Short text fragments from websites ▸

□ □ □ □ □ □ □

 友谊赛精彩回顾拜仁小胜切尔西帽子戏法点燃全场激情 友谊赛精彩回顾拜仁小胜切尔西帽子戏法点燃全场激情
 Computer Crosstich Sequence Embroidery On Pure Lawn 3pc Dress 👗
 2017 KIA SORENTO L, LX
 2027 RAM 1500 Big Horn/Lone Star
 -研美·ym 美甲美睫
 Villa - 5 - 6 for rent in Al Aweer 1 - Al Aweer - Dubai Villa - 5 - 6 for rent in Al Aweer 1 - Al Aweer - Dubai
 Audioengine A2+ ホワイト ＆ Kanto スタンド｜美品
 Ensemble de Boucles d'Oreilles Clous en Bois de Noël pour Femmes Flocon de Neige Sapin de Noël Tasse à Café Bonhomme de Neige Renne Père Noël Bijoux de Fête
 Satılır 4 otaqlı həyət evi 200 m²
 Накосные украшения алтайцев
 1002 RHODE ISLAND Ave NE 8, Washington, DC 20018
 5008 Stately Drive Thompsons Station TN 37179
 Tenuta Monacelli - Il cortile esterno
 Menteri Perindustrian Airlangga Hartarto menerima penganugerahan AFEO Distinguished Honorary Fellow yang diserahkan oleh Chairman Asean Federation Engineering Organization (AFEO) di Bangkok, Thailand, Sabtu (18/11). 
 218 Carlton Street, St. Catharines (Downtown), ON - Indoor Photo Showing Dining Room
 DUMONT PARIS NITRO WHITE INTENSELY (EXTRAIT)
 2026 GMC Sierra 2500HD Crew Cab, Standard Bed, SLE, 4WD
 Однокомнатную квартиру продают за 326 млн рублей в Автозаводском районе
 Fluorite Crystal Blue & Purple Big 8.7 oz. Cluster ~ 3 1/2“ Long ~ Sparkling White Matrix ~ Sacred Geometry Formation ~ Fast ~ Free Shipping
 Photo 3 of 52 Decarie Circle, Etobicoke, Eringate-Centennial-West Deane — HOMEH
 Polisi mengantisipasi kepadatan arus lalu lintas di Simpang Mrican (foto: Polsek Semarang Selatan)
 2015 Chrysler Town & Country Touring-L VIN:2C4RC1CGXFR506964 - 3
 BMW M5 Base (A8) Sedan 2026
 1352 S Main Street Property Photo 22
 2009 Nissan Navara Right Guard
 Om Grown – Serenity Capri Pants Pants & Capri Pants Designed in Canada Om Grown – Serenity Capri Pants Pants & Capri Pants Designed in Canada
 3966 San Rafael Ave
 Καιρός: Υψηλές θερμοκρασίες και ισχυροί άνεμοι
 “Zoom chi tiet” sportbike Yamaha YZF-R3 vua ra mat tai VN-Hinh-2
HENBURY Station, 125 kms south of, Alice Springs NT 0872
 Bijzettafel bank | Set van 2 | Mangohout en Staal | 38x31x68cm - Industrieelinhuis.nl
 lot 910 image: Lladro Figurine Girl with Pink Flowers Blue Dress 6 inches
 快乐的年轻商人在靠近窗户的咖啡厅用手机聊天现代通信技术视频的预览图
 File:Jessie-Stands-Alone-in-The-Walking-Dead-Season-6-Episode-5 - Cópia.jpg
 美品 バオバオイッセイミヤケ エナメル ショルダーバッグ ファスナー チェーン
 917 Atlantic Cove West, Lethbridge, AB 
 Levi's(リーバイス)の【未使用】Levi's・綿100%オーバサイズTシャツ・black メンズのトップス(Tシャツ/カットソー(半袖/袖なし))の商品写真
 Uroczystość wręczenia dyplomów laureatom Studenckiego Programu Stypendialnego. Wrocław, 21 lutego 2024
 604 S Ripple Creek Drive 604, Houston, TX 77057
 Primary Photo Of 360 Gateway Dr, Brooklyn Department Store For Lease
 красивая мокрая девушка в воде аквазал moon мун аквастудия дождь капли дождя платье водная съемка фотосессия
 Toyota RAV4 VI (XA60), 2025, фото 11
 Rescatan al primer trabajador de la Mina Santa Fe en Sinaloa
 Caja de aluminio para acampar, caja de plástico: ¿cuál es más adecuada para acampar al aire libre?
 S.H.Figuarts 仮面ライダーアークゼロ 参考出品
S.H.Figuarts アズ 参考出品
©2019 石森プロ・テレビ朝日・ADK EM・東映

□ □ □ □ □ □ □

YOUR GOAL ▸
Only the lines above starting at the one containing "Однокомнатную квартиру продают" and ending at the one containing "HENBURY Station, 125", both included, are to be returned, exactly as they read.

RESULT ▸
 Однокомнатную квартиру продают за 326 млн рублей в Автозаводском районе
 Fluorite Crystal Blue & Purple Big 8.7 oz. Cluster ~ 3 1/2“ Long ~ Sparkling White Matrix ~ Sacred Geometry Formation ~ Fast ~ Free Shipping
 Photo 3 of 52 Decarie Circle, Etobicoke, Eringate-Centennial-West Deane — HOMEH
 Polisi mengantisipasi kepadatan arus lalu lintas di Simpang Mrican (foto: Polsek Semarang Selatan)
 2015 Chrysler Town & Country Touring-L VIN:2C4RC1CGXFR506964 - 3
 BMW M5 Base (A8) Sedan 2026
 1352 S Main Street Property Photo 22
 2009 Nissan Navara Right Guard
 Om Grown – Serenity Capri Pants Pants & Capri Pants Designed in Canada Om Grown – Serenity Capri Pants Pants & Capri Pants Designed in Canada
 3966 San Rafael Ave
 Καιρός: Υψηλές θερμοκρασίες και ισχυροί άνεμοι
 “Zoom chi tiet” sportbike Yamaha YZF-R3 vua ra mat tai VN-Hinh-2
HENBURY Station, 125 kms south of, Alice Springs NT 0872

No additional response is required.